As for the original argument, all the people I've met that cross-train in martial arts seem to have more of an anything-goes attitude and are more open and less arrogant. My friends that specialise(Aikido...) tend to be really arrogant and prone to lectures. My Aikido buddies talk about non-aggressive fighting all the time, but then they go out and kill bunnies for fun.
It's just anecdotal evidence from a noob, but there's my two cents.
I think that most people are trying to say
A Martial Art HAS to teach how to fight
whereas its optional whether it wants to teach morals or not, however these shouldn't affect the training in how to fight effectively
I think a martial art will instill honor and discipline because the guy that keeps breaking the rules and hurting other people, or is completely disrespectful will get his ass kicked by the people he routinely hurts.

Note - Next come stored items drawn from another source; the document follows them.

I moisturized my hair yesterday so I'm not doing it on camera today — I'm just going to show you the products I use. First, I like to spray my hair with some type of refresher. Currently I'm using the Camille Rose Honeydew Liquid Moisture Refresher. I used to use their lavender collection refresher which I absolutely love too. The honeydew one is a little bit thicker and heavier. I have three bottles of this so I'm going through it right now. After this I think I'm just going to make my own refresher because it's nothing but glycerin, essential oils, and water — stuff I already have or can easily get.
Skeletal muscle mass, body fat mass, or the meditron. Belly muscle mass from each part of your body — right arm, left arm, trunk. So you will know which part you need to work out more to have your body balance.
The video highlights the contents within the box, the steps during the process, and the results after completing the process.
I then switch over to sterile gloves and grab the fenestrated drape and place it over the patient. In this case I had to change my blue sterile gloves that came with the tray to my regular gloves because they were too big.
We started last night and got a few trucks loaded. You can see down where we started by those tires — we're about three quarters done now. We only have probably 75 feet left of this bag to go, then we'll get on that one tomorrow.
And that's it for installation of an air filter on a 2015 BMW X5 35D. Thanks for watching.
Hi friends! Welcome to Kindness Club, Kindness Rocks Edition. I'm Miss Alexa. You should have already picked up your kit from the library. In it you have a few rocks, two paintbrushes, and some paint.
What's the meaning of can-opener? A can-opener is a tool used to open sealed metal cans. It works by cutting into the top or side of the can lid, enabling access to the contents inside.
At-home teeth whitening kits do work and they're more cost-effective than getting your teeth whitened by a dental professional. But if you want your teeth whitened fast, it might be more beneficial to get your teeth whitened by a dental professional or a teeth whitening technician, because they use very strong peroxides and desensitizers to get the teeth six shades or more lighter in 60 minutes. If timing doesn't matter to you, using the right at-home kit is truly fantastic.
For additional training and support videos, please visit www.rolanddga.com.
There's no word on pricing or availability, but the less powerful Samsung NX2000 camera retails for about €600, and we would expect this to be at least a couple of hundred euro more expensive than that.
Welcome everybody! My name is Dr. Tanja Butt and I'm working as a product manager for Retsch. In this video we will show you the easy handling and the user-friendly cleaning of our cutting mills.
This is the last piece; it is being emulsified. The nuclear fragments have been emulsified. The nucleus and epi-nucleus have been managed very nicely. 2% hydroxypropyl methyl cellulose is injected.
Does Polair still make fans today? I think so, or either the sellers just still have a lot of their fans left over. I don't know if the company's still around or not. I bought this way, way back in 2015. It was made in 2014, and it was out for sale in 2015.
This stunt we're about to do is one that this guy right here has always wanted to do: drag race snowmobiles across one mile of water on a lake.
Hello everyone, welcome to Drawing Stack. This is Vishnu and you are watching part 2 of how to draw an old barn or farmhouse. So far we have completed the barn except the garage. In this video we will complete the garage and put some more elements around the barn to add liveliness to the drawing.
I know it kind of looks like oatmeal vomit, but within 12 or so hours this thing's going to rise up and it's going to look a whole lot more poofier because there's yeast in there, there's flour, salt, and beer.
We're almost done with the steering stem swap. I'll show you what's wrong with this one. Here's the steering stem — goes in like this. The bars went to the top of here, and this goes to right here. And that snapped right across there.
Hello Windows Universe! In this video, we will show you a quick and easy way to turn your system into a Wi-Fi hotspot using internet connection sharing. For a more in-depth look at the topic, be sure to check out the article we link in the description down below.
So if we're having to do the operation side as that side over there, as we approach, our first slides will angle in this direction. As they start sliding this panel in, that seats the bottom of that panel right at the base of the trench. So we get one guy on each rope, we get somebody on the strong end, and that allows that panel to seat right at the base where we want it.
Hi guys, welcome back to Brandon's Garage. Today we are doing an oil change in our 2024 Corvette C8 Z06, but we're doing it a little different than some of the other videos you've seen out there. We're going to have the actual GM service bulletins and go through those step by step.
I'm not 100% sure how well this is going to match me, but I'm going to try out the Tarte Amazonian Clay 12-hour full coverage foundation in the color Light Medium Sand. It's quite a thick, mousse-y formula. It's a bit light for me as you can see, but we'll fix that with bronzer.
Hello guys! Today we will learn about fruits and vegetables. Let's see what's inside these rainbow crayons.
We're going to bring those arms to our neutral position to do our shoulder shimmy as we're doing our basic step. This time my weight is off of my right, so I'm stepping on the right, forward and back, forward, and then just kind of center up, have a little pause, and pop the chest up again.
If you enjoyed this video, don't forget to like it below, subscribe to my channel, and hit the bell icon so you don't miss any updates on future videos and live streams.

How the hell did this thread go from discussing arrogance in MMA to being focused on teaching "honor" and "discipline" to 7 year olds in McDojoland?
The amount of gayness on this thread has rapidly increased and is going out the roof.
If you want your 7 year old to grow up gay and arrogant, dress him up in pajamas and have him learn about "honor" and "discipline" from his "sensei".
If you want him to learn how to fight put him in a judo school or BJJ school early on, and pick up striking later. Then you'll teach him the "honor" and "discipline" of avoiding BS McDojos.
Chingy, I would think wrestling or a basic kickboxing class. KISS, so the kids form the solid foundation but don't overwork their developing bodies/brains. Remember that young kids don't have the maturity level to process all the information a complex martial art can contain, nor the physical maturity to properly use all the techniques.
Originally Posted by twKoxinga
jdinca: Reread my original post to you. I agree with what you said. In terms of logic, learning to fight is necessary and sufficient to define a martial arts school. Honor and discipline are welcome secondary benefits, although not required.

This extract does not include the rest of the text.